1. Apparatus for determining a likelihood that a candidate commercial boundary of a commercial broadcast in a segmented video broadcast is a commercial boundary, the apparatus comprising a boundary classifier configured to: determine whether a candidate video frame associated with a candidate commercial boundary of a segmented video broadcast comprises product information; and determine a likelihood the candidate commercial boundary is a commercial boundary in dependence of the determination the candidate video frame comprises product information.

2. Apparatus according to claim 1, wherein the apparatus further comprises a commercial detector configured to locate boundaries of video programmes and commercial broadcasts in the video broadcast and to derive the segmented video broadcast.

3. Apparatus according to claim 1 or claim 2, wherein the apparatus comprises a video shot transition detector configured to identify candidate commercial boundaries in the segmented video broadcast.

4. Apparatus according to any preceding claim, wherein the boundary classifier is a binary boundary classifier.

5. Apparatus for determining a likelihood that a candidate commercial boundary of a commercial broadcast in a segmented video broadcast is a commercial boundary, the apparatus comprising: a commercial detector configured to locate boundaries of video programmes and commercial broadcasts in the video broadcast and to derive the segmented video broadcast; a video shot transition detector configured to identify candidate commercial boundaries in the segmented video broadcast a binary boundary classifier configured to: determine whether a candidate video frame associated with a candidate commercial boundary of a segmented video broadcast comprises product information; and determine whether the candidate commercial boundary is a commercial boundary in dependence of the determination the candidate video frame comprises product information.

6. Apparatus according to any preceding claim, wherein the boundary classifier is configured to be trained by training data derived from video frames of the segmented video broadcast which comprise product information.

7. The apparatus of any preceding claim, wherein the candidate video frame comprises a frame of a plurality of video frames of a candidate commercial window, the candidate commercial window being associated with the candidate commercial boundary, and the boundary classifier is configured to determine a commercial boundary probability score for video frames of the candidate commercial window and to determine the likelihood the candidate commercial boundary is a commercial boundary from a plurality of the commercial boundary probability scores.

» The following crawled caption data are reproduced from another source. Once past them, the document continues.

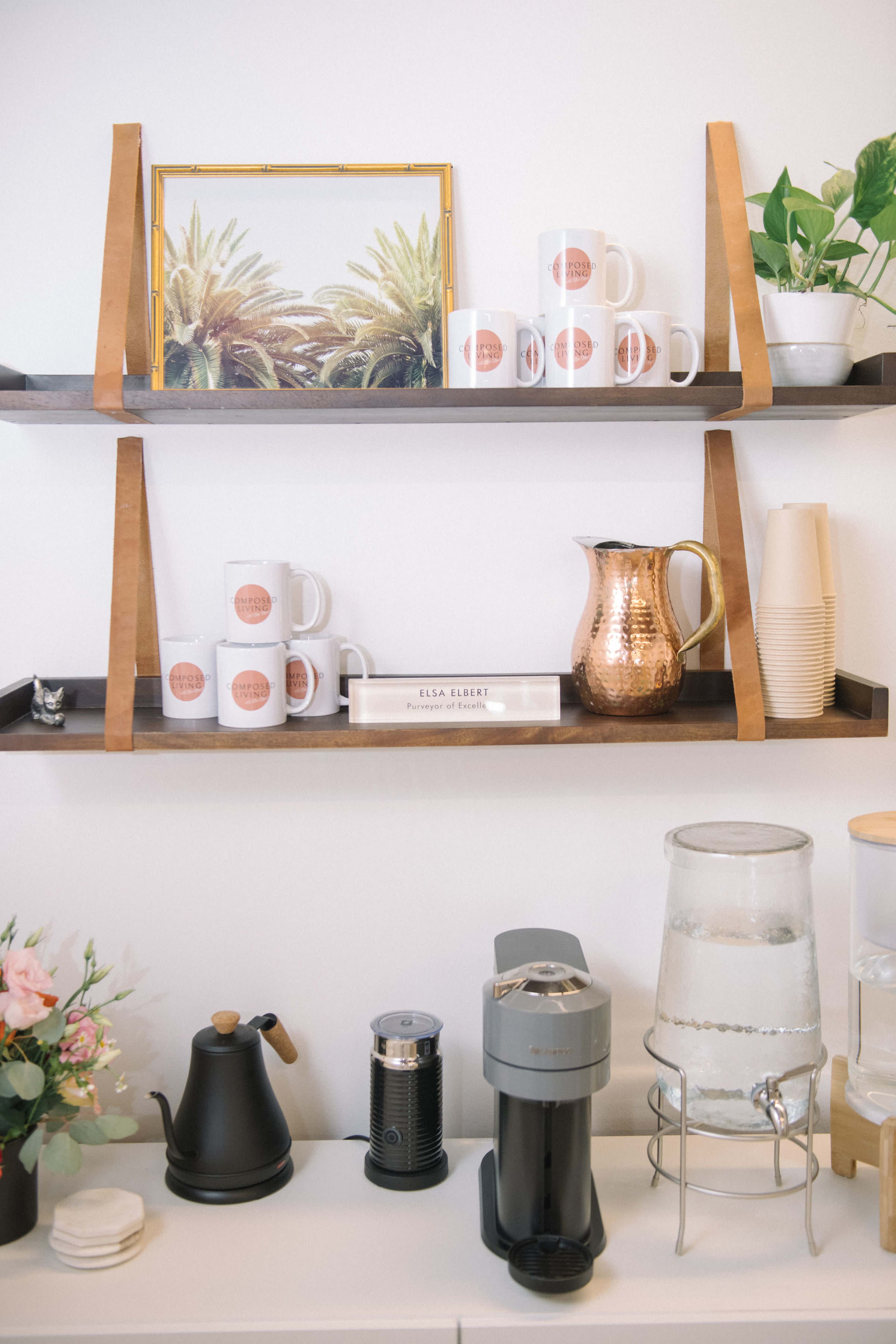 A wooden shelf displaying mugs, a decorative frame, a copper pitcher, and a coffee maker, with a water dispenser and a kettle on a counter below.
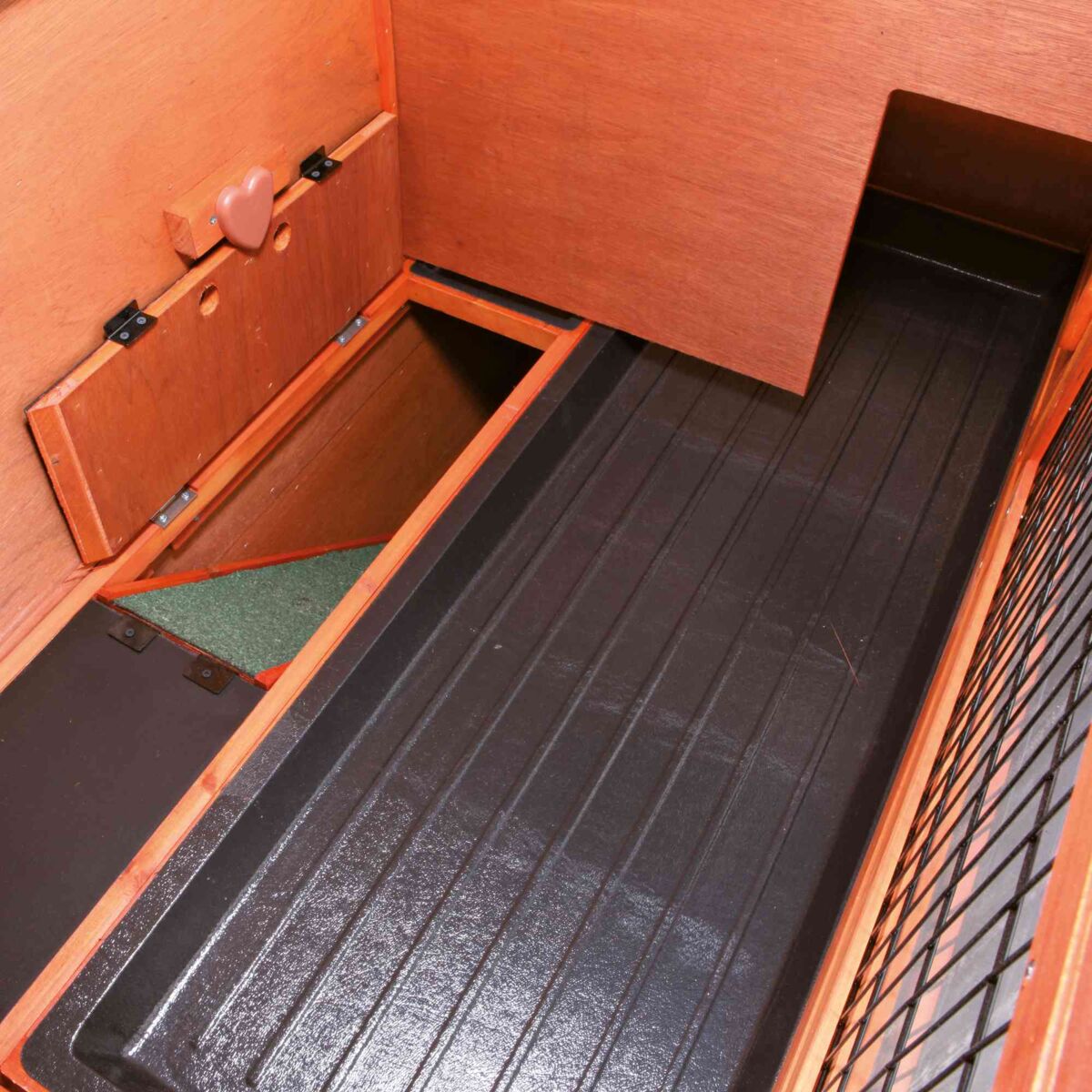 Holzbox mit herzförmigem Griff, seitlicher Einstieg und schwarzem, gerilltem Boden.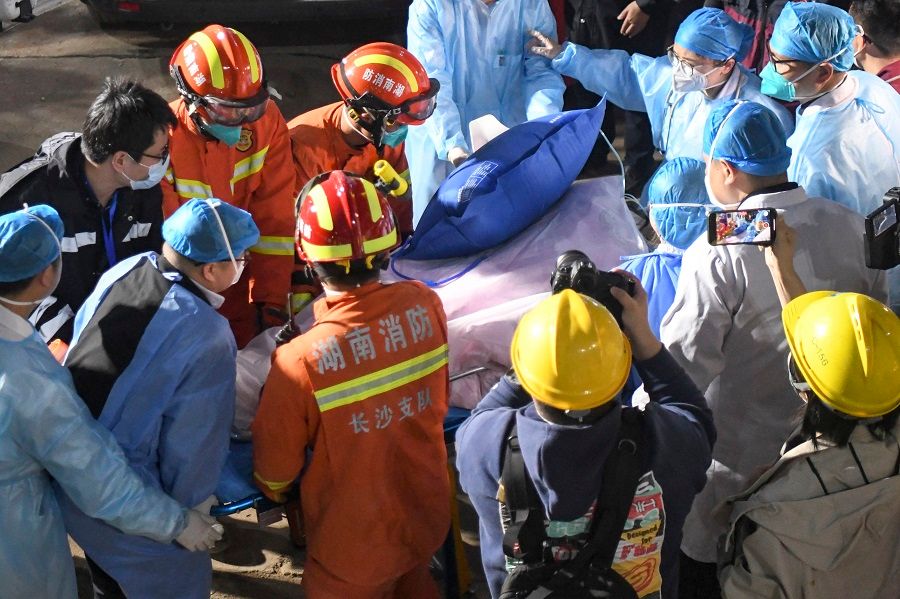 A survivor is pushed into an ambulance after being rescued from the building that collapsed in Changsha, Hunan province, China, on 2 May 2022. (CNS)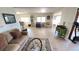 Inviting living room with wood floors, comfortable seating, and a bright, airy atmosphere at 4851 W Gandy Blvd # 23C, Tampa, FL 33611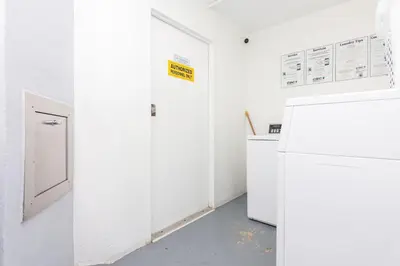 a white room with a refrigerator and a door at North Bay in Miami Beach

8. The apparatus of claim 7, wherein the candidate commercial window is a first symmetrical window of n video frames in the segmented video broadcast either side of the candidate commercial boundary.

9. The apparatus of any preceding claim, wherein the apparatus is configured to identify a candidate video frame from a motion measurement of a video frame associated with the candidate commercial boundary.

10. The apparatus of claim 9, wherein the apparatus is configured to perform the motion measurement from a calculation of average intensity of motion vectors in the video frame.

11. The apparatus of any preceding claim, wherein the boundary classifier is configured to derive the training data by parsing video frames comprising product information and extracting a video frame feature for one or more portions of the video frame and/or for a complete video frame.

12. The apparatus of claim 11, wherein the apparatus is configured to extract a video frame feature for at least one of colour, texture and edge.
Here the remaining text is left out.